Week one of the Parenting Course was met with a mixed response from our kids. They liked the idea of a family night, but were not so enamoured with the organised limits on TV/PC time that were introduced. It will be interesting to see what they make of week 2, as while (I hope) they will grow in their sense of being loved and valued by us, there was also a section on sharing household chores and getting the children to take on age-appropriate responsibilities!

Next week we go to look at discipline/setting boundaries...

Tuesday, November 01, 2011

The Parenting Children Course (week 1)

Having previously gained a huge amount by doing Alpha's "Marriage Course", we we intrigued when the same folks published some parenting materials. We had a brief taster of the course at a conference at our church last month - and were impressed by what we saw, so impressed in fact that we bought the DVDs that day and resolved to try out the course.

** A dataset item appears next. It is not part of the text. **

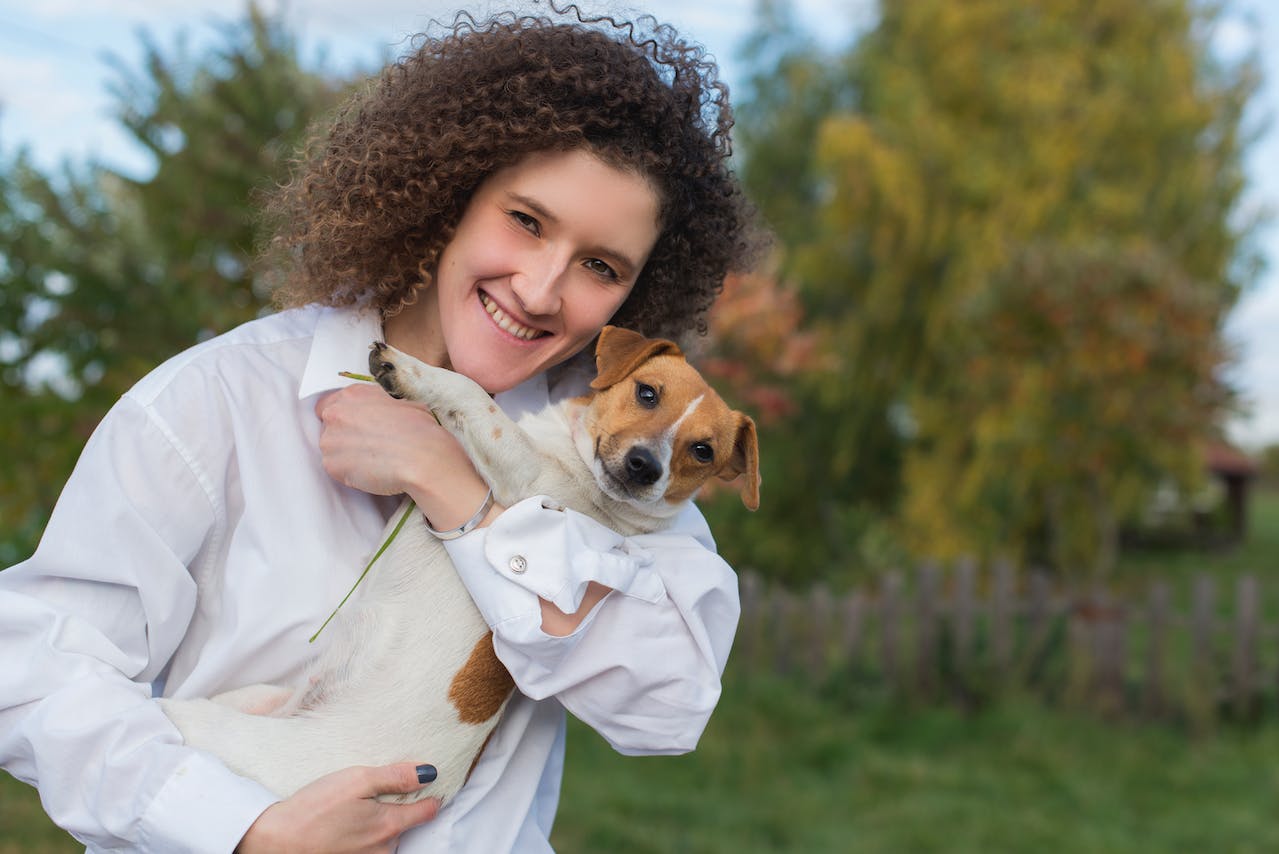Jack Russell Terrier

It's taken a few weeks longer than we had anticipated, but we have managed to assemble a small group of other parents - and we met for the first time last week and ran through week one of the five-session course.

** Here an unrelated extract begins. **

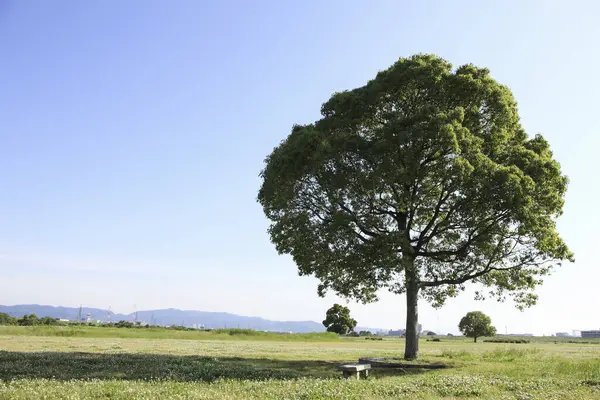 Красивый Снимок Поля Зелеными Деревьями — стоковое фото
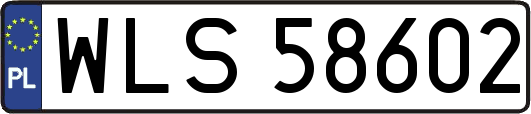 WLS58602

The evening began with a DVD, on which authors/presenters Nicky and Sila Lee introduced the course, and prompted us to think about some of the key issues involved in parenting 0-11 year olds. Their presentation was a mixture of their own experiences and research into child development, but was regularly interspersed with filmed clips from various experts - as well as interviews with both parents and children.

On the first week we were challenged about several aspects of the way in which we do parenting. These included time priorities in terms of our interaction with each of the children; the benefits of 'family time' and positive routines, as well as the recommended limits on the amount of TV/PC/Wii (etc) time that are appropriate for different age-groups. Research about minimum sleep requirements at different stages was also mentioned. Along with this there was some good stuff about the priority of modelling good relationships, especially between parents; coupled with the need to keep a united front and consistent line in keeping boundaries for behaviour. The thing which really grabbed our attention though was the suggestion that we consider keeping the long view in mind at all times, in terms of the kind of person we hope our child will be when he/she is an adult, and how they will remember our home in 20 years time. This was welded to the very searching assertion that the most powerful factor in shaping our children's values, is not our words, but their long-term observation of our characters and behaviour!

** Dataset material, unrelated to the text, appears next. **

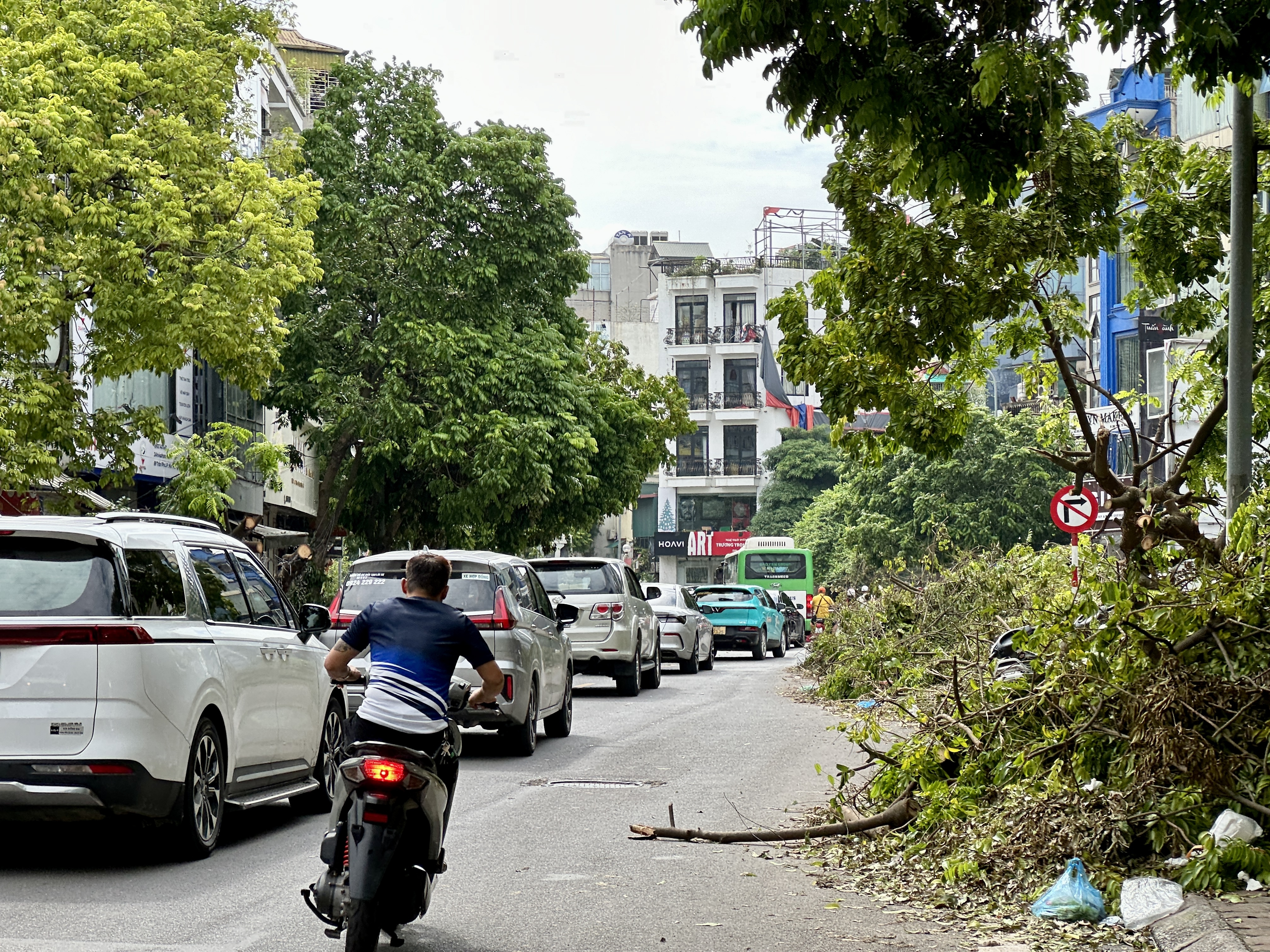 Hà Nội: Lực lượng chức năng tất bật thu dọn cây đổ gãy do bão số 3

The Parenting Course DVD's are much more directive in their tone than the Marriage Course DVDs (despite being written and presented by the same people). The Marriage DVDs are pitched more in the language of 'which solution here will work for your marriage' (etc), while on the Parenting stuff the tone is more, 'all the research shows that exceeding these limits for TV consumption is bad for your child', for example.

Like the Marriage Course, there is also the opportunity to discuss the issues raised in the DVDs, using questions found in the course manual. Unlike the Marriage Course in which discussion is strictly private and takes place only between spouses - there is some group discussion on the parenting course. This was great, as it was fascinating to listen to other parents who are facing similar challenges - as well as to contrast experiences too.

Next week we go on to think about 'meeting our children's needs', followed by some stuff of boundaries and discipline the following week. We're looking forward to it - but first we have some "homework" to do - implementing some of the lessons from week one!